I spent last weekend in Osaka with 'the boys' from my prefecture - 3 fellow guys who I regularly play Airsoft games with. We went to Osaka with the express purpose of playing at one of Japan's rare indoor Airsoft arenas. As promised, it was awesome, but this isn't a gun geek post. This post is about the break I took one afternoon to head to Kyoto.

Kyoto is only 30 minutes from Osaka by train, so I had no excuse not to go to my friend Eri's piano contest happening on Saturday afternoon. The world of piano is a funny thing, it seems.

As this was a contest, I saw a rapid succession of several players, mostly girls, dressed mostly in black with the occasional white, who each played for 6 minutes before a small bell rang, the players stopped mid-note, and quietly walked off stage. No applause was allowed.

The players were obviously talented, but you could hear a wide disparity in skill. The less talented (or more nervous) players paused before notes that were big steps across the keyboard. Most aspired to what seemed to me to be the current fashion in piano playing: schizophrenia. I turn my TV onto the NHK Education channel pretty often at night (I only have 5 channels) and more often than not it's classical music, and there's usually a special place, front and center, for a fat pianist with an impossibly long Eastern European last name and a penchant for overacting as he plays: tender baby Jesus facial expressions for legato segments, Furious Anger for the forte. It strikes me as lame every time. Yes, I know that piano comes from pianoforte, which means 'soft' and 'strong' at once. But Mr. Nagaheekamapouliskov seems to have forgotten everything that comes in between. And yet this guy's on-off-switch style of playing is all the rage, telling by what I see on TV. And it's ugly.

But then in stepped Eri. I knew she was playing Debussy, a composer known for his expressions of smoothness and grace, but that was all I knew. She arrived for her 6 minutes dressed in a gorgeous pink dress, a pearl necklace, and meticulously done-up hair.
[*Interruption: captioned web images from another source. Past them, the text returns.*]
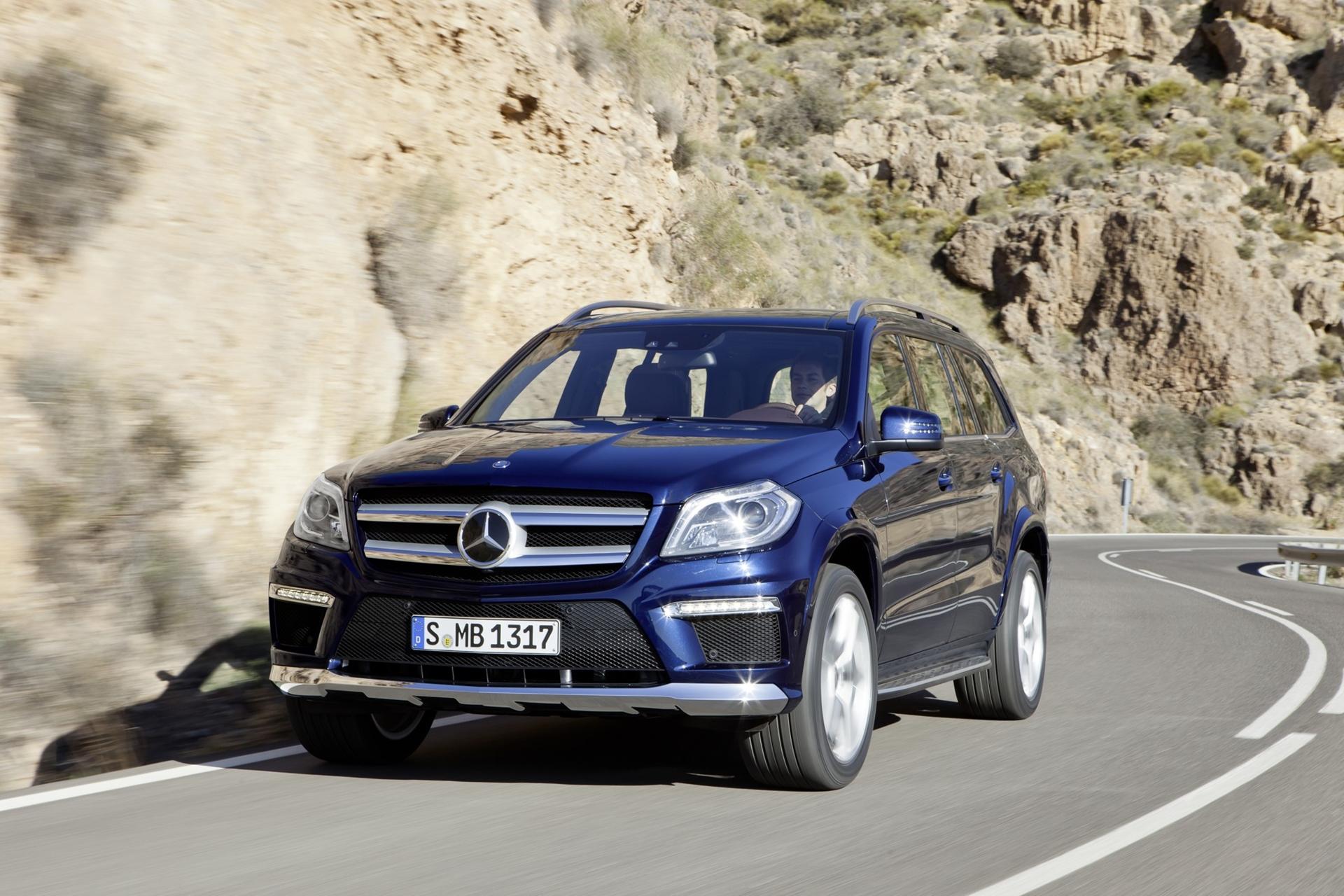 Market launch of the new Mercedes-Benz GL-Class: Show time for the new GL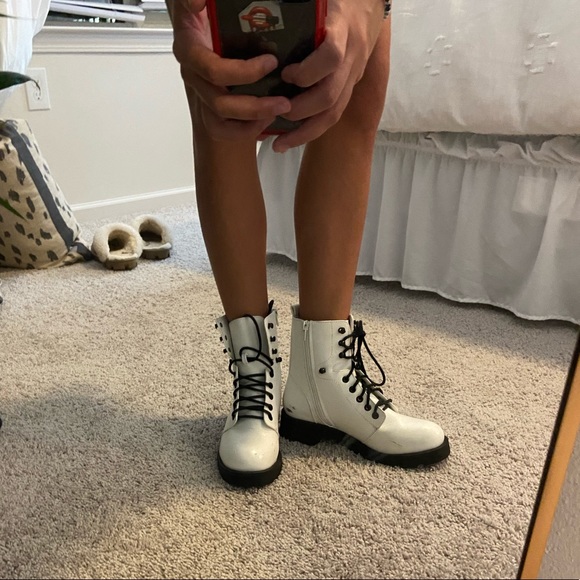 White boots - Picture 3 of 3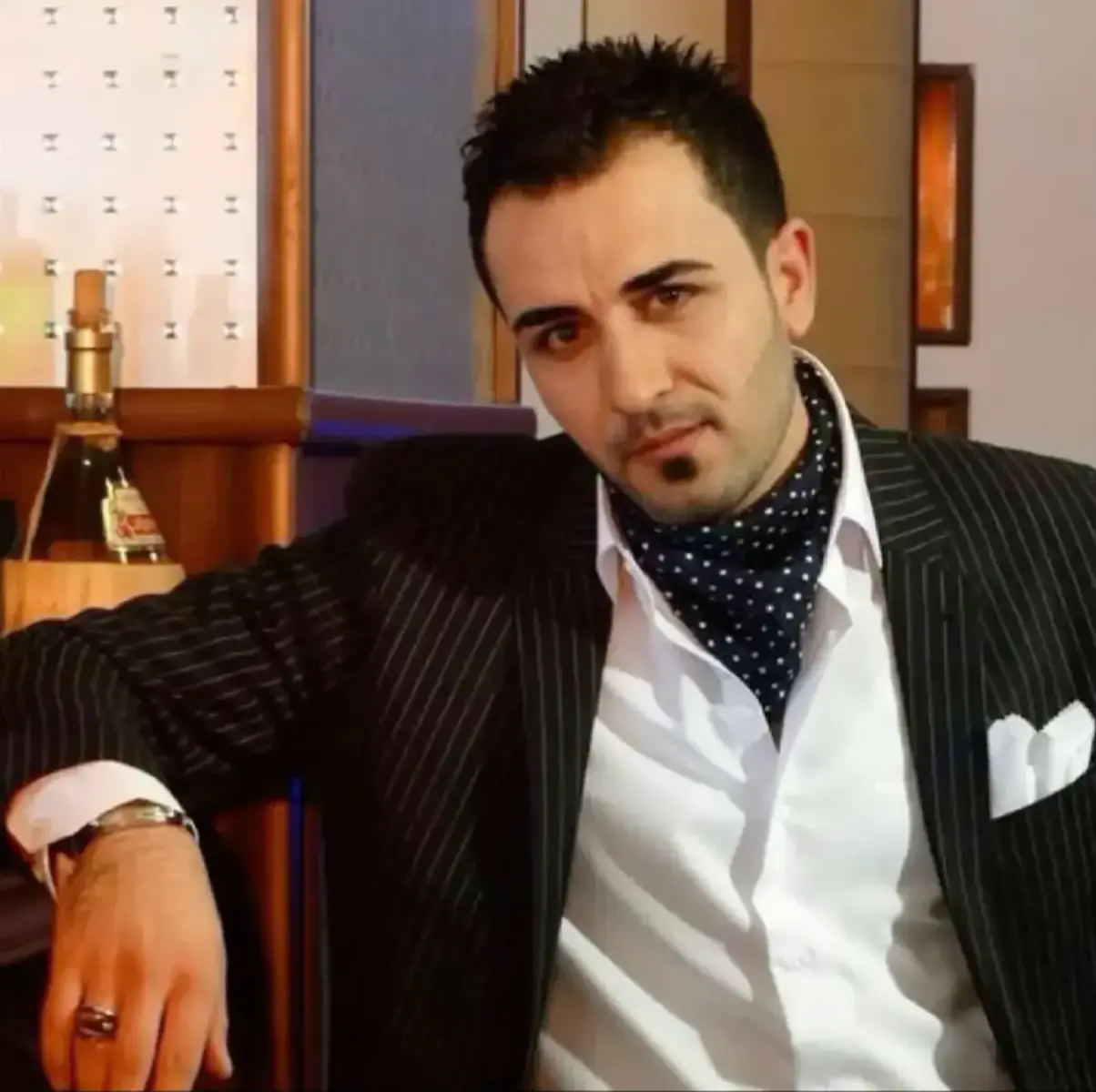 خراپترین بەشی ژیان لەدەست دانی ؛ ئەو ئازیزانەیە کە وامان ئەزانی تا کۆتایی ژیان لەگەڵمان ئەمێننەوە ، جا ڕۆشتنیان بەهەر هۆکارێک بێت مردن ، دووری دڵ شکان ، بۆیە تا لەژیانین تا ئازیزان لەگەڵمانن با دڵیان نەشکێنین دواتر هەر پەشیمانی و داوای لێبوردنێک قەرەبووی ئەوکاتە ناکاتەوە هیچ کاتیش نزای خراپ لەکەس مەکە چونکە کەسێکی ئازیزتر لەتۆیی هەیە نزای خۆشبەختی بۆ ئەکات لێی گەرێ با کات هەموو ئازارەکانت سارێژ بکات .#ahmadxalil #ahmadxalil #foryoupage #foryoupage #aktiv 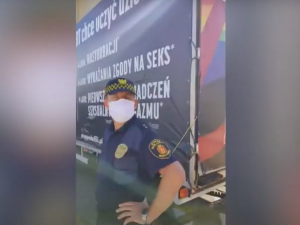 Warszawa: Straż Miejska rozbiła pikietę "Stop pedofilii". "Robili to na zlecenie prezydenta Warszawy?"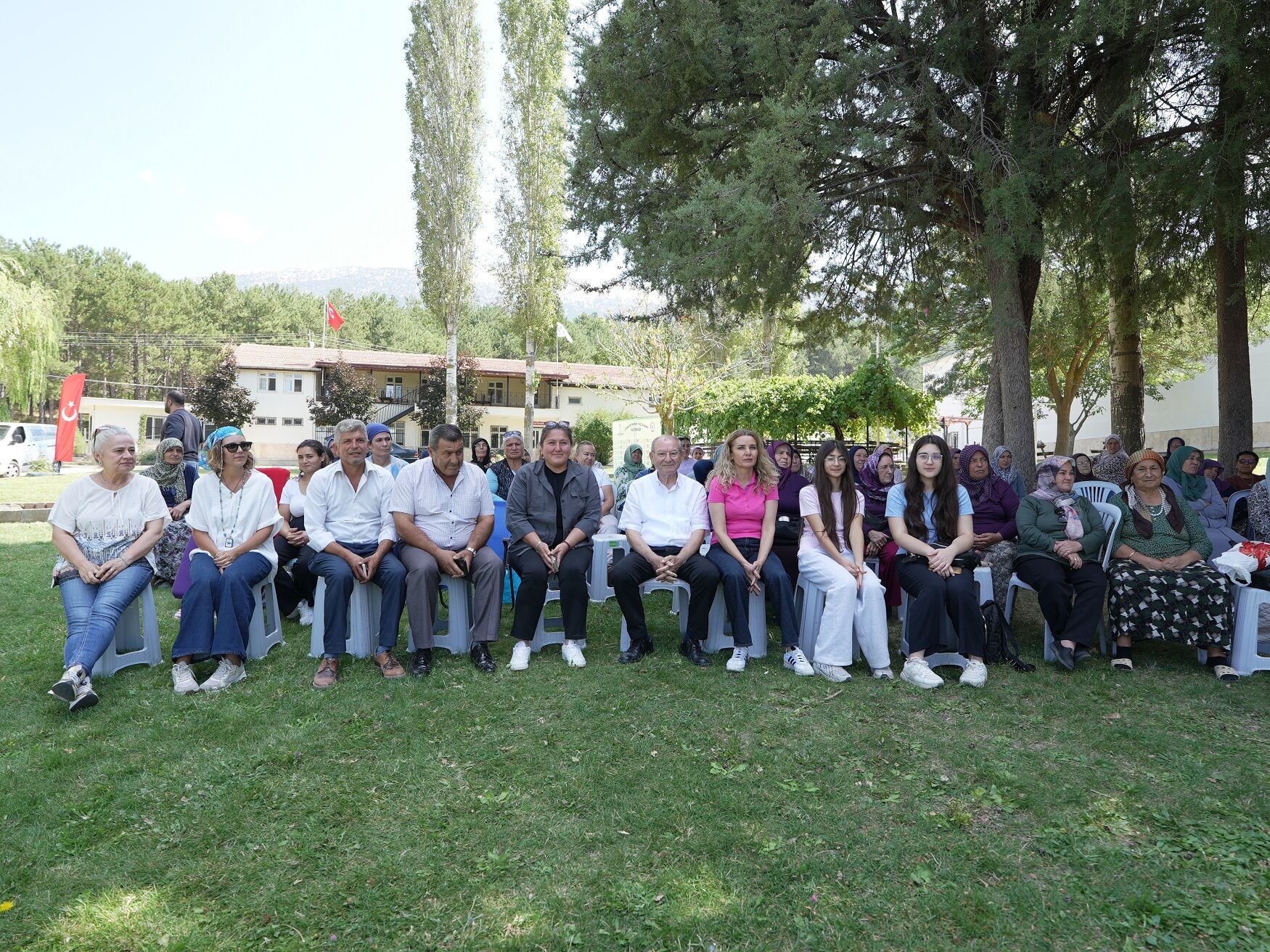 Denizli’nin Güçlü Kadınları Cankurtaran Yaz Kampı’nda Buluştu (3) (1)
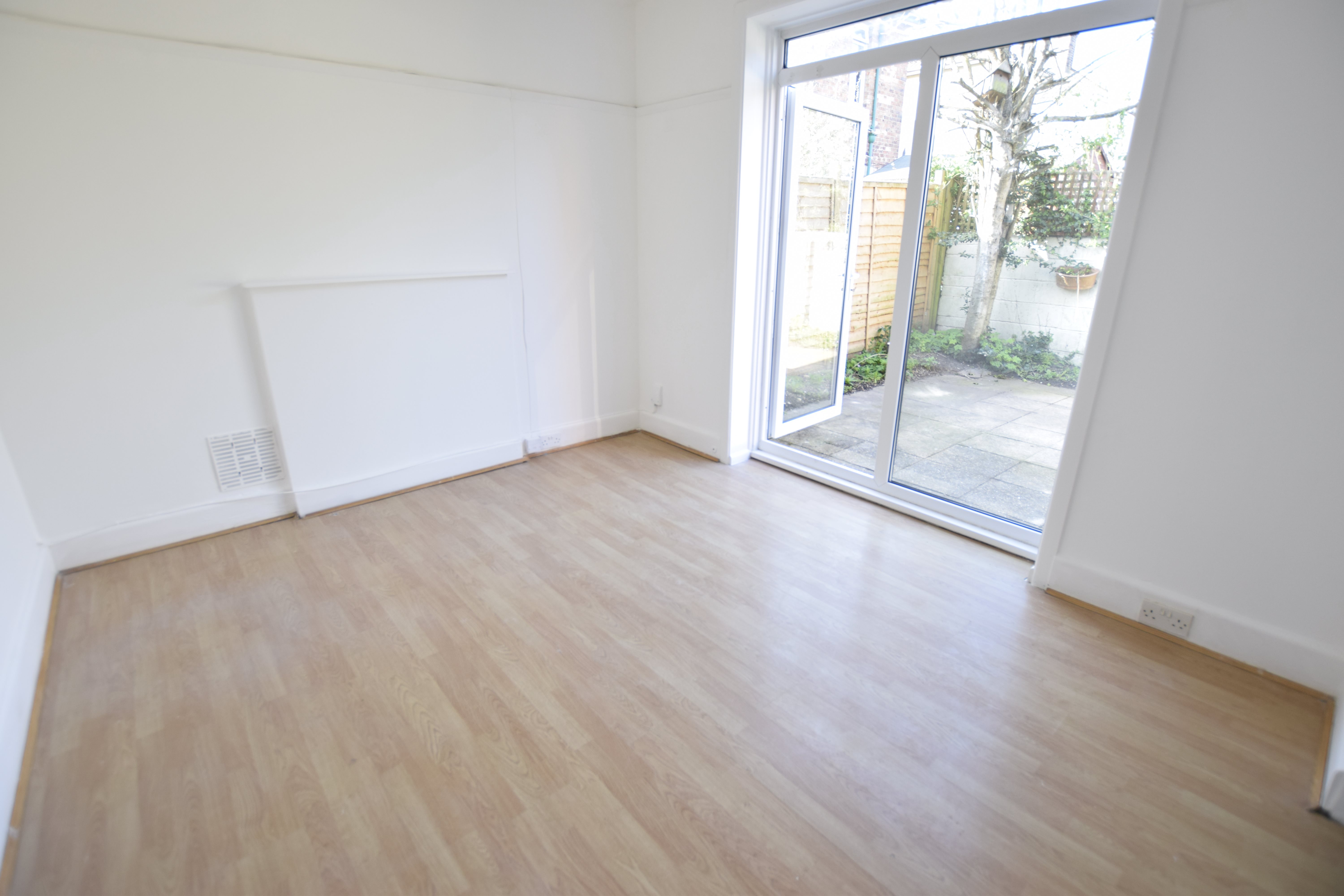 3 bed house to rent in Madison Avenue, Bournemouth, BH1 4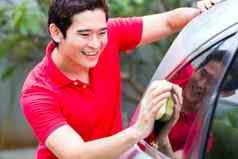 亚洲男人。清洁洗车海绵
Honestly, she'll be hard-pressed to look that classy on her own wedding day.

And it was everything I could have hoped for. With the weaker players, you could see the fear in their eyes, the fear that the piano might somehow betray them and PLONK out the wrong note. Eri didn't show a hint of it. She looked as she should: the piano was her tool, her instrument to control. And she played like it too. Weaker pianists play with their fingers. She played with her whole arms, her wrists smoothly but firmly commanding the piano to do her bidding. The resultant sound was beautiful: a full dynamic range, a smoothness that any player should aspire to play with, a sound that Debussy himself may have thought of when composing. She was the only one who didn't sound like Mr. Nagaheekamapouliskov, and that was a good thing.

Except I was wrong. The performance was a train-wreck. She spent 15 minutes being let into by her piano teacher before she could even talk to me or her own mom and sister who had come to watch. That teeny flower bouquet I brought along in the interest of tradition could wait. She had blown it.

As she finally stepped outside to talk to us, apparently she had known it all along. She had "given up right after [she] started." Wait, what? This performance that I had concluded was awesome was in fact her not cranking it to 11. It was her choking. She was too jittered to carry a regular conversation, so she sent the family and me off to have coffee together without her while she stuck around to await her 'miserable' result.

The result, according to a text the next morning, was a 'miserable' 5th out of 14 players. The top 4 were set to advance on to some other competition. For Eri, the score was some minor solace - she still did well despite totally blowing it. For me, the score made perfect sense: beautiful performance, but not what The Piano-Playing Establishment is looking for.

Eri, by the way, just accepted a job at Yamaha as an in-house piano instructor. I still don't understand why Yamaha employs them, but more importantly she's now technically a professional pianist. Take that, Establishment.